CCLA is demanding that its monitors be released promptly. CCLA has been unable to contact them: no access to a lawyer has been provided. Many other peaceful protesters have also been arrested. Police must have reasonable grounds to arrest people. Mass arrests are not an appropriate way to police sitting crowds in a democracy.
Up until late Saturday afternoon, police actions had been restrained. Certainly, it had been disproportionate at times, with hundreds of police officers surrounded 75 peaceful marchers; large groups of police officers circling one lone protester to search a back pack; umbrellas and water bottles being seized. We also witnessed people intercepted and detained, even charged for not identifying themselves.
Friday's marches were tense in a couple of places: police officers rammed their bicycles into protesters, and verbal confrontations occurred but it ended peacefully. Saturday started out with the large "People First" march with a trajectory negotiated and approved by the police: down University, west on Queens, north on Spadina and back to Queen's Park. The protest marshals knew that there would be splinter groups wanting to reach the fence to spray it or put their banner up. Looters were also expected to take advantage of the situation.
Yet it is unclear why police cruisers would be in the vicinity of the protest. Throughout the week, police officers circulated in unmarked vans. While hundreds of riot police officers were blockading streets south of Queen, looters got out and threw rocks along Queen and up Yonge (reports vary on the numbers, from 50 to 100). Confrontations occurred as well on King.

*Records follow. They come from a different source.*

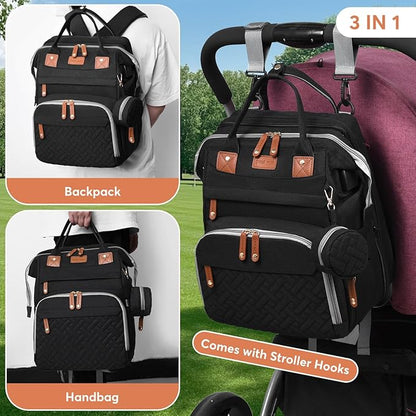 Diaper Bag Backpack with Changing Station, Large Diaper Bag For Boys And Girls, Multifunctional Waterproof Travel Diaper Backpack, Baby Bag with USB Charging Port for Moms Dads,black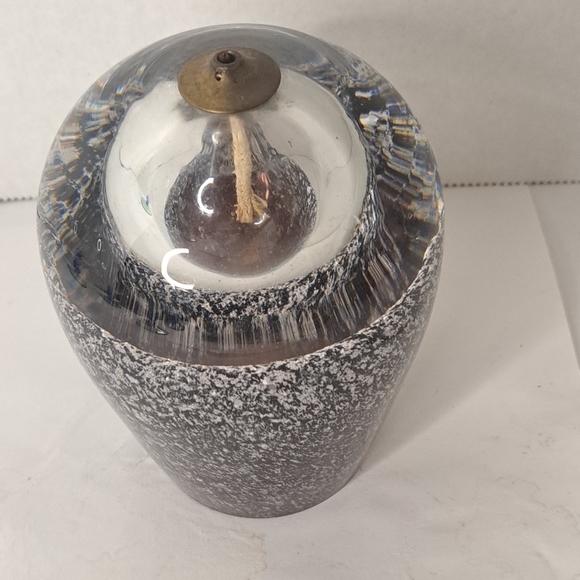 Art Glass Oil Lamp Paperweight Clear Round Bubbles Seeded Wick Handmade Poland - Picture 6 of 6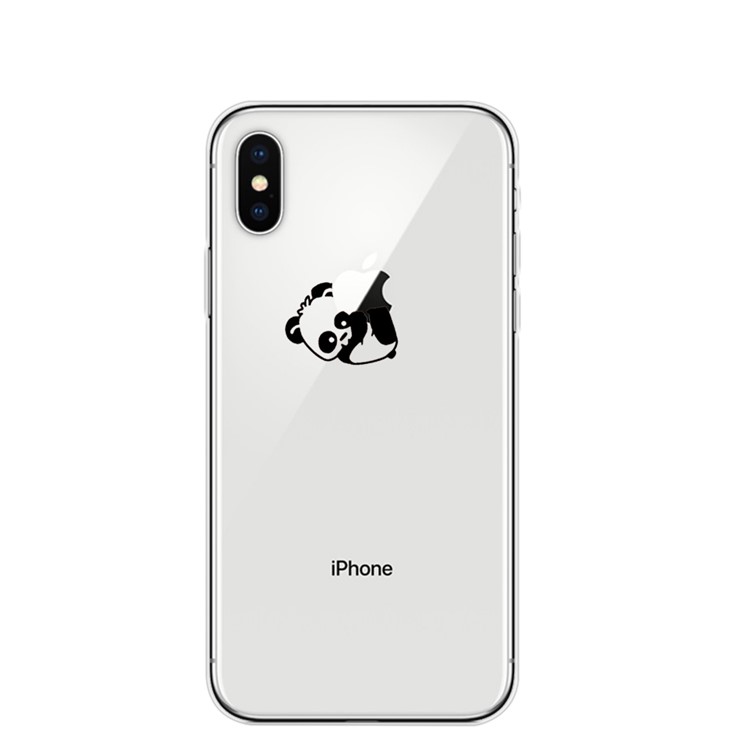 

For iPhone XS / X 5.8 inch Patterned Flexible TPU Accessory Cover - Panda Kicking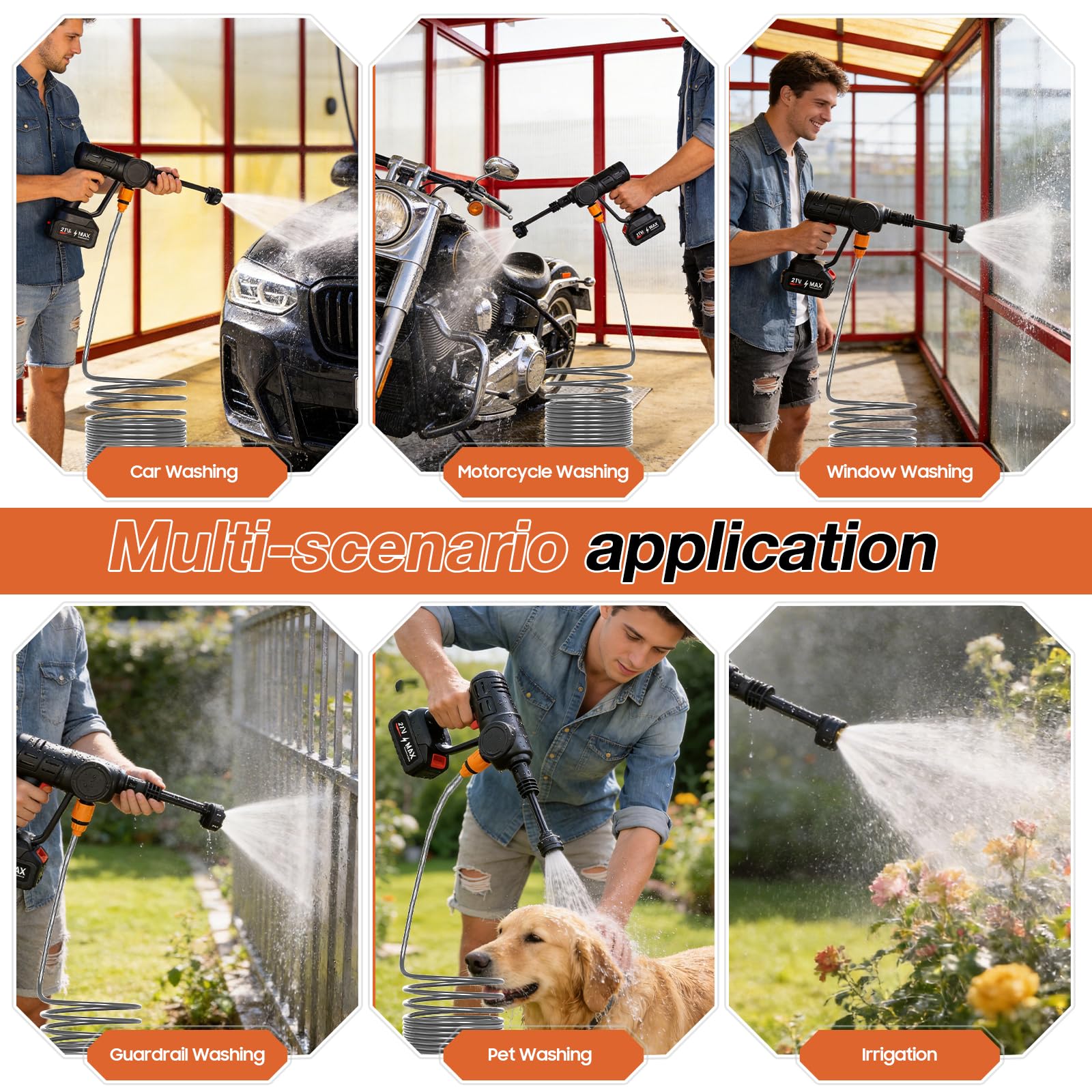 Cordless Pressure Washer 700psi, 4000mAh*2 Rechargeable Battery with 6-in-1 Adjustable Nozzle, Portable Power Washer Suitable for Cleaning Cars,Gardens, Floors — view 3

It is still unclear why the people gathered at Queen's Park at 5 pm were suddenly charged by riot police. It appears that the small group of black clad looters was still out to spray paint and throw rocks in windows. Certainly, however, not all those at Queen's Park fell into this category. Since then, more than 500 people have been arrested and none are being released. It would appear that the presumption of innocence has been suspended during the G20.
CCLA is concerned about the conditions of detention: people are being denied access to lawyers, they are unable to contact their families and we have heard that there are no plans for prompt release. The police does not appear to make serious attempts to provide access to lawyers or information. This is a serious violation of basic rights of hundreds of people.